In its primary sense, this word signified that which is choice or select, as distinguished from what is common.

1. 'The beauty of propriety, not of greatness, ' says Johnson.

Applied to manners or behavior, elegance is that fine polish, politeness or grace, which is acquired by a genteel education, and an association with wellbred company.

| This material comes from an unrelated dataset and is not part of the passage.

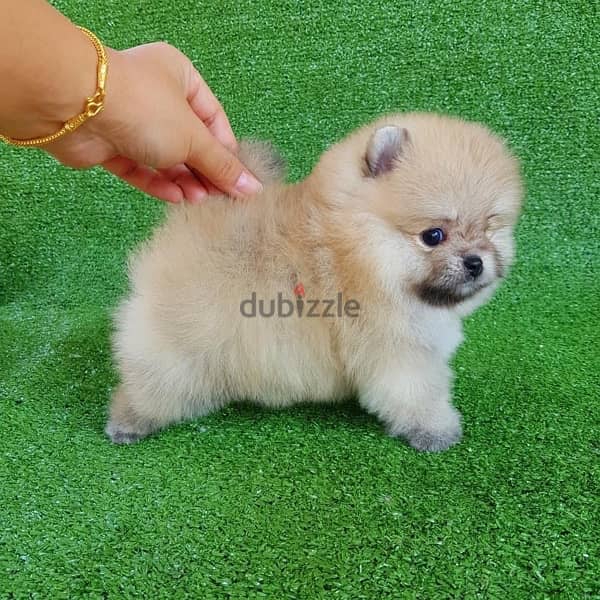 Trained Pomer,anian puppy for sale 0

Applied to language, elegance respects the manner of speaking or of writing. elegance of speaking is the propriety of diction and utterance, and the gracefulness of action or gesture; comprehending correct, appropriate and rich expressions, delivered in an agreeable manner. elegance of composition consists in correct, appropriate and rich expressions, or well chosen words, arranged in a happy manner. elegance implies neatness, purity, and correct, perspicuous arrangement, and is calculated to please a delicate taste, rather than to excite admiration or strong feeling. elegance is applied also to form. elegance in architecture, consists in the due symmetry and distribution of the parts of an edifice, or in regular proportions and arrangement. And in a similar sense, the word is applied to the person or human body. It is applied also to penmanship, denoting that form of letters which is most agreeable to the eye. In short, in a looser sense, it is applied to many works of art or nature remarkable for their beauty; as elegance of dress or furniture.

2. That which pleases by its nicety, symmetry, purity or beauty. In this sense it has a plural; as the nicer elegancies of art.